November: Taking Strides in Conservation and Community Engagement

Hello from Terry Herndon, CEO of AMDO

As we navigate through the heart of November, with leaves fallen in the north and the persistent dryness of the desert, the Arizona Mule Deer Organization (AMDO) has been energetically involved in various conservation activities.

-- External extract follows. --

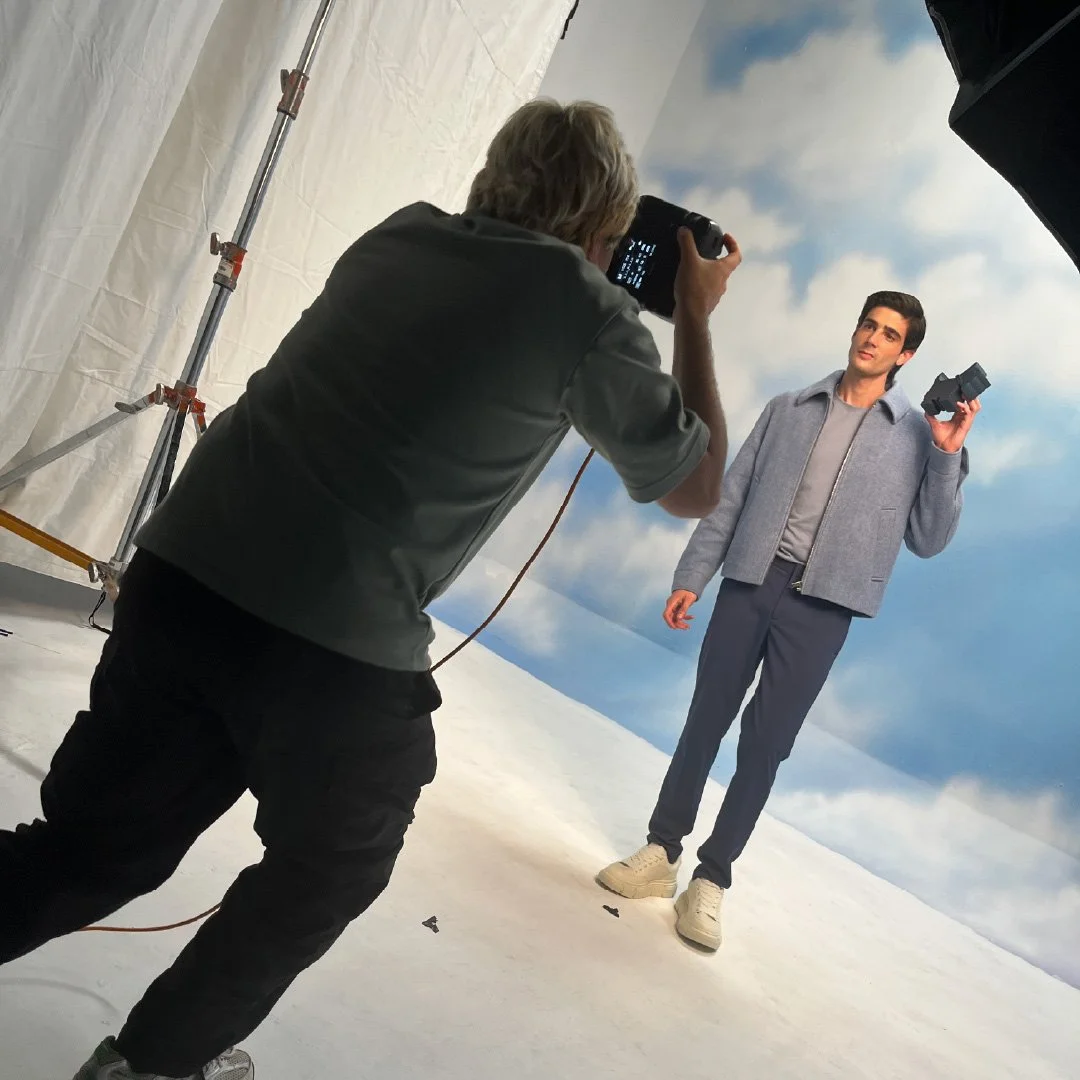 Un hombre de pie sosteniendo un teléfono mientras otra persona toma una foto en un estudio de grabación con fondo de nubes y cielo azul.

Cordes Ranch Cleanup: A Community Effort

Our recent cleanup initiative at Cordes Ranch was a testament to community spirit. Nearly 20 volunteers joined forces early in the morning, determined to address the rampant issue of illegal dumping and environmental neglect at the ranch. By the day’s end, we had filled a large dump trailer and several truck beds to the brim with litter. Despite making significant progress, we recognize the need for ongoing efforts and plan to return in April for further cleanup. During our time at the ranch, we had the honor of meeting Patsy Cordes, a seventh-generation rancher. Her family’s longstanding commitment to wildlife conservation and land stewardship was evident and deeply inspiring. In a significant move, Patsy has invited AMDO to adopt her ranch through the Arizona Game and Fish program, a responsibility we eagerly accept, focusing on maintaining cleanliness and aiding with fencing and water catchments.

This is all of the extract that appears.